From her early years in Indian cinema to her humanitarian mission and recent filmmaking ventures, Somy Ali has remained rooted in courage, advocacy, and purposeful storytelling. Her work reflects a steadfast commitment to amplifying survivor voices and driving real change.
Catch my full conversation with Somy Ali:
Our Exclusive Chat With Somy Ali
Mehak Kapoor: You had a notable career in Bollywood, with films such as Anth, Aao Pyaar Karen, Andolan, Mafia, and Chup. Looking back, what were some of your most memorable experiences on set, and how did these roles shape you personally and professionally?
Somy Ali: I would have to answer this extensive question with the advent of Dharamji (Legendary Late Indian Actor, Dharmendra) entering my life within two months of my being in Mumbai. A model coordinator sent him my pictures from Far Productions Agency to be considered as a lead opposite Bobby in his debut film at the time, called Barsaat or Jaan. I can’t recall the exact title now. Dharam ji invited me over for lunch to his bungalow, and within a span of two hours, I gained the father I wish I had.
Despite my decision not to do the film, as I knew I could not do justice to Bobby nor to Dharamji as a launch pad for his son, he remained in my life as a father figure. Each time we bumped into each other at various film studios, I made it a point to go meet him and touch his feet. Being in his presence gave me immense peace. This is why his passing has impacted me so deeply. It was Dharam ji who said I had the most innocent face and the most beautiful smile, and that I reminded him of Parveen and Zeenat. Hearing those words from a legend, and a man with nothing but love to give, was an honour.
Then came my time working in an actual film with him titled Mafia. I played a police officer and was always on the side of the vigilante played by Dharamji.
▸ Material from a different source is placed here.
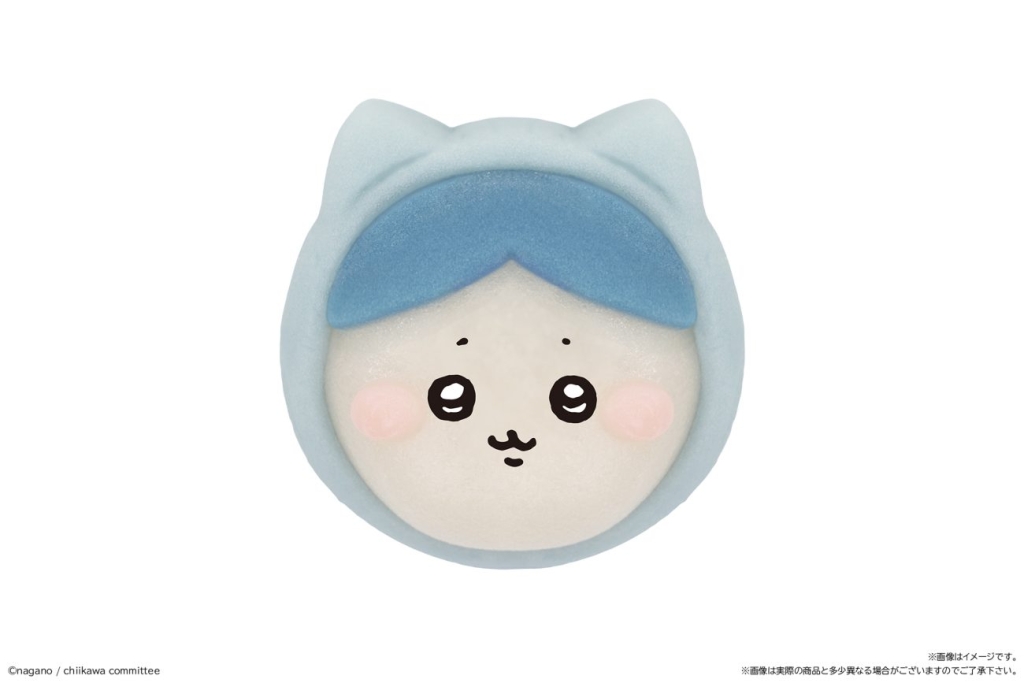 食べマスあそーと ハチワレ パジャマver.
We had loads of fun, and throughout the year of making that movie, he shared an intense amount of life lessons and wisdom with me. I will always love and miss him. He was not just my father figure, but the most genuinely good human being in that entire industry.
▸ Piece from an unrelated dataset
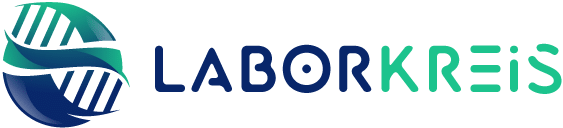 Corona Testzentrum Laborkreis Logo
Anth was all fun and games, but it was the pink sari song choreographed by Saroj ji that led to my signing ten more films. Suniel and I already knew each other from Mr Roshan Taneja’s acting school. What I loved most about that film was not being excluded from the action sequences during the climax, thanks to the wonderful producer Ashok Honda. Not too long ago, Suniel told me his son is going to be launched in Anth 2, and I was shaken by the realisation of how quickly time flies.

Andolan was extremely bittersweet because of Divya (Bharti). She and I became fast friends on an outdoor shoot, sharing deeply private experiences because we connected in a way that is difficult to put into words. To this day, I still can’t believe she’s gone. Andolan was also the very first time I filmed a song, and that too with Sanju (Sanjay Dutt), someone I grew up watching as a child in Rocky. Sanju is and always has been one of the kindest people one could ever work with. He literally calmed me into performing our favourite and famous song, “Dil Toh Khoya Hai Yahin Pe Kahin Pe.” I have the utmost respect for him and always will for his patience and kindness. If one wants to learn how to be one of the biggest stars with a complete absence of ego, one should observe or work with Sanju. He does not have a mean bone in his body.
Aao Pyar Karen was a cameo for Saif (Ali Khan), who became a friend immediately after we met, as he too was brought up abroad. We hit it off right away, and that is where I met the electrifying Shilpa (Shetty) and her unbelievably magical mother. Not many know this, but Shilpa’s mother could genuinely predict one’s future through palm reading and by looking into one’s eyes. During our outdoor shoot for “Chand Se Parda Keejiye,” she spoke to me at length and was astonishingly accurate about what my life would become after 1999.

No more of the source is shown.